Amerika’da huzur içerisinde yaşayan ve her türlü özgürlük imkanlarının sağlandığını gördüğümüz Amir, ailesi ve babasının arkadaşları “Amerikan Rüyası”nın birer parçası haline geliveriyor. Bir benzin tankerinin içerisinde Afganistan’dan yola çıkmak zorunda kalan bu ailenin ABD’ye hangi şartlar altında ve nasıl girdiklerini görmüyoruz ama. Mesela ABD onlara nasıl bir vize uygulaması sağladı? Sonuçta bu insanlar gökyüzünde kanatlanıp uçmadılar. Belki de Türkiye’den falan da geçmişlerdir.

Neyse çok uzatmadan, Uçurtma Avcısı filminde bize biraz İslamofobi ile süslenmiş, biraz da üzerine Rusya ve Taliban sosu eklenmiş bir fikir dayatmasında bulunuyor. Yiyor muyuz? Tabii ki yemiyoruz.

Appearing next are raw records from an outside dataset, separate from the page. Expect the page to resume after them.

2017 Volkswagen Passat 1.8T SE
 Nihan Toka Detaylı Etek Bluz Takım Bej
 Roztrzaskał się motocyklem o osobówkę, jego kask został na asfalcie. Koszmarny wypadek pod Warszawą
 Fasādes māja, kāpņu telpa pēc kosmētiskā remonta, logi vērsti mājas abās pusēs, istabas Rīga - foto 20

Zira 2007 yılında bu filmi çekenlerin daha 3 yıl öncesinde (2004) Irak’ta canlarına okudukları halkı ve buna benzer birçok haltları görmeden başkalarına söz söylemeye kalkması kadar mide bulandırıcı bir şey yok.

Hasılı kelam biz filmin üzerine buna benzer bir çok meseleyi konuştuk. “Ülkemizdeki mültecilerin yalınayak hallerine gitgide alışıyor ve duyarsızlaşıyor muyuz?” diye sordu bir hanımefendi mesela. Bunun bizim insanlık seviyemizle doğru orantılı olduğunu söyledim. İnsanlığımızın seviyesi azalıyorsa eğer mültecilere karşı merhametimiz ve ensarlık seviyemiz de o derece azalıyordur tabii ki…

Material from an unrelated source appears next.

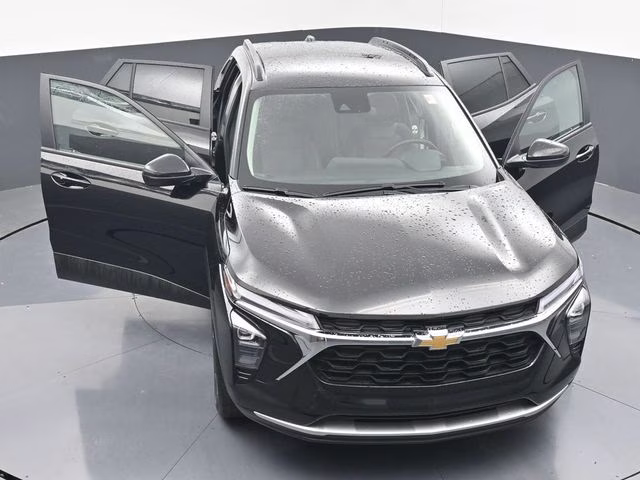 2025 Mosaic Black Metallic Chevrolet Trax LT FWD SUV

Mülteci film okumaları devam edecek. Gelecek ay Sinefesto Yayın Yönetmeni Abdulhamit Güler konuk olacak. Eğer vaktiniz varsa ve etrafınızda bir mülteci kardeşiniz varsa bence birlikte gidin programa. Bizden duyurması.

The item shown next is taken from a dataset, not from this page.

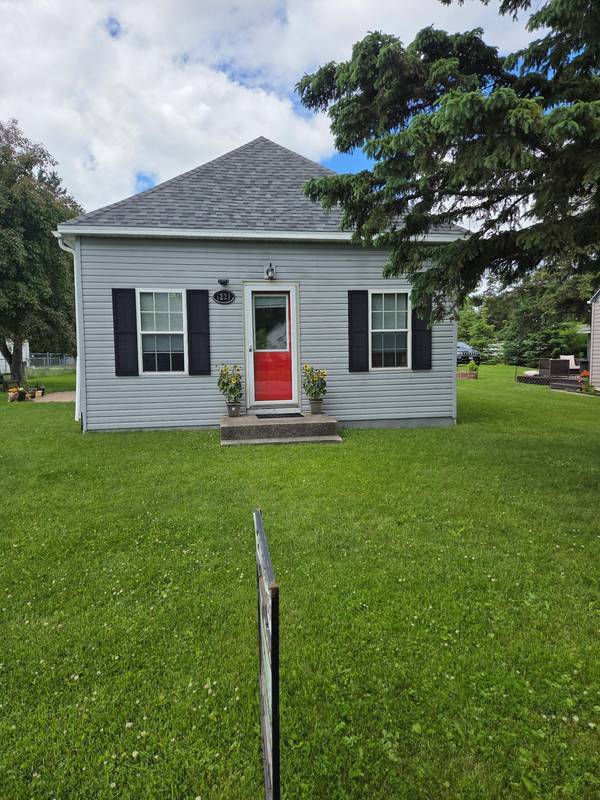 1221 Knight AVE N, Thief River Falls, MN 56701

SİNEFESTO TEMEL SİNEMA EĞİTİMLERİ BAŞLADI

Sinefesto ve TYB İstanbul Şubesi işbirliği ile düzenlenen Temel Sinema Eğitimi’nde dersler başladı. Kursiyerler görüntü-yönetmenlik, senaryo, kurgu ve oyunculuk üzerine eğitimler alacak. Eğitimler 8 hafta sürecek. Mehmet Bozdağ, Sinan Çetin, Metin Günay, Serdar Gökhan, Münib Engin Noyan ve Mustafa Kara gibi tecrübeli isimlerin atölyeleri ile zenginleşecek olan eğitimin devamının da geleceği müjdesini verelim. Özellikle senaryo eğitimi konusunda çok esaslı bir eğitim planlamak zorundayız. Talep eden güzel insanları görünce bu işler boynumuzun borcu oluyor ister istemez.

GÜZEL BİR NOT

Açılım Kitap tarafından yayınlanan ‘Yorgunluk Toplumu’ isimli bir kitap okuyorum. Byung-Chul Han tarafından yazılan eser Türkçeye Samet Yalçın tarafından çevrilmiş.

“80’lerle beraber eskilerin ‘sürat asrı’ dediği devri kapatan, hızın sadece fiziksel değil sanal bir dünyada da bir mevzu haline geldiği, insanların, malumatın her an ulaşılabilir olduğu, sosyal ilişkilerin yerini ‘etkileşim’e terk ettiği bir döneme girdik. Merakımız varsa dahi ilgi duyamıyoruz, dikkat kesilemiyoruz. Dikkatimiz yazılım arayüzlerinin arasında, bir yüzeyden diğerine atlamakla meşgul. Ara’nın yerini hiperaktiflik, yani oradan oraya atlamak aldı. Yerimizde duramıyoruz. Gündemimiz aralıksız olarak ‘güncel’leniyor…”

Fırsatı, imkanı olan alıp okusun derim… M.U.